## Dataset extract
**********
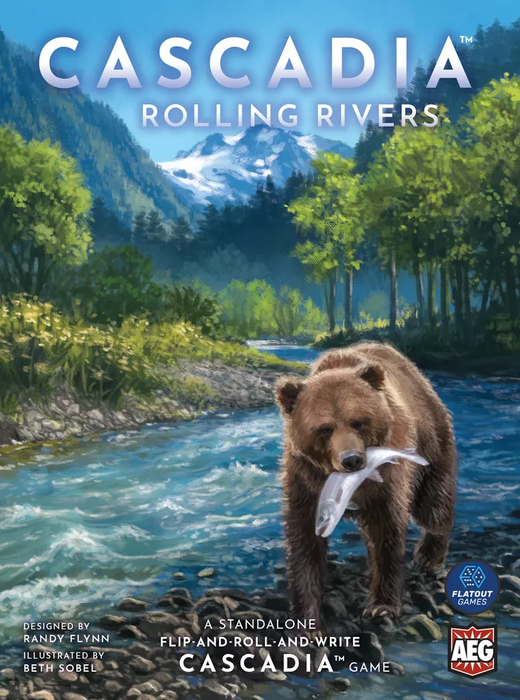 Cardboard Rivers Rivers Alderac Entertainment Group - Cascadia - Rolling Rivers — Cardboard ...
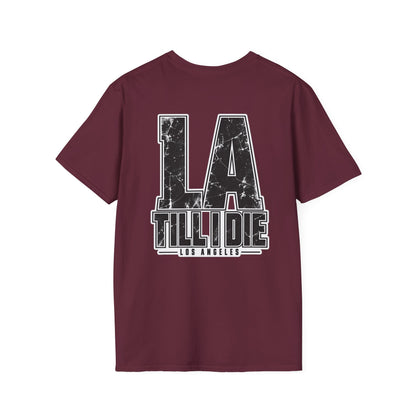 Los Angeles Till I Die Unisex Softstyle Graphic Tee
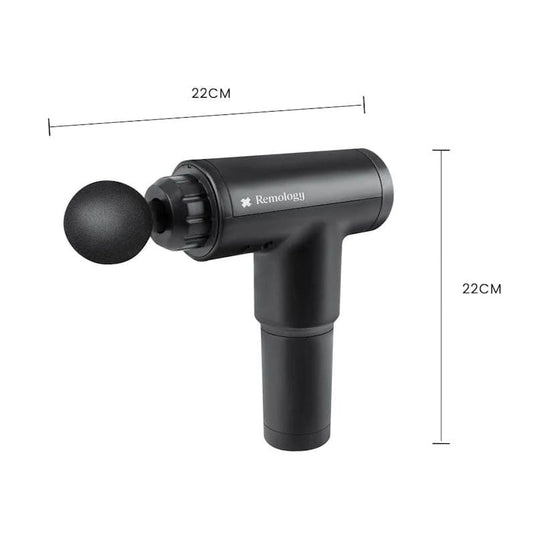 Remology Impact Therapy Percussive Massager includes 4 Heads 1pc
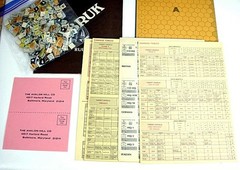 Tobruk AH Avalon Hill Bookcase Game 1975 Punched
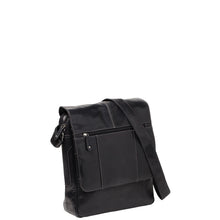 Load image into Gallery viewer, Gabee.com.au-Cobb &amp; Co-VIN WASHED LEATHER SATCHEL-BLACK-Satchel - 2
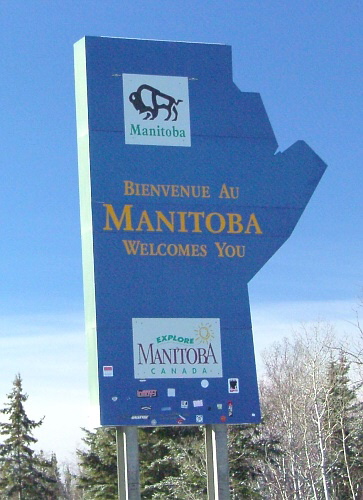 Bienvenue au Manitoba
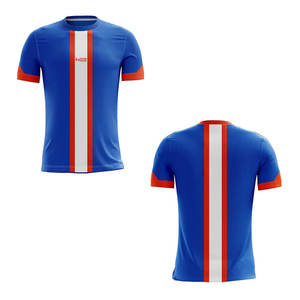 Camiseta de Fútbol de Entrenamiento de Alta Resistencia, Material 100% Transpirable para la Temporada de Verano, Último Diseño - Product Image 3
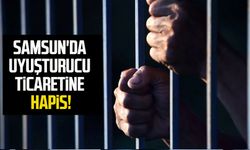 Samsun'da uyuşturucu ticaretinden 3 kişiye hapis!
**********
Could you reproduce every record above exactly, leaving out the pictures?

 Cardboard Rivers Rivers Alderac Entertainment Group - Cascadia - Rolling Rivers — Cardboard ...
 Los Angeles Till I Die Unisex Softstyle Graphic Tee
 Remology Impact Therapy Percussive Massager includes 4 Heads 1pc
 Tobruk AH Avalon Hill Bookcase Game 1975 Punched
 Load image into Gallery viewer, Gabee.com.au-Cobb &amp; Co-VIN WASHED LEATHER SATCHEL-BLACK-Satchel - 2
 Bienvenue au Manitoba
 Camiseta de Fútbol de Entrenamiento de Alta Resistencia, Material 100% Transpirable para la Temporada de Verano, Último Diseño - Product Image 3
 Samsun'da uyuşturucu ticaretinden 3 kişiye hapis!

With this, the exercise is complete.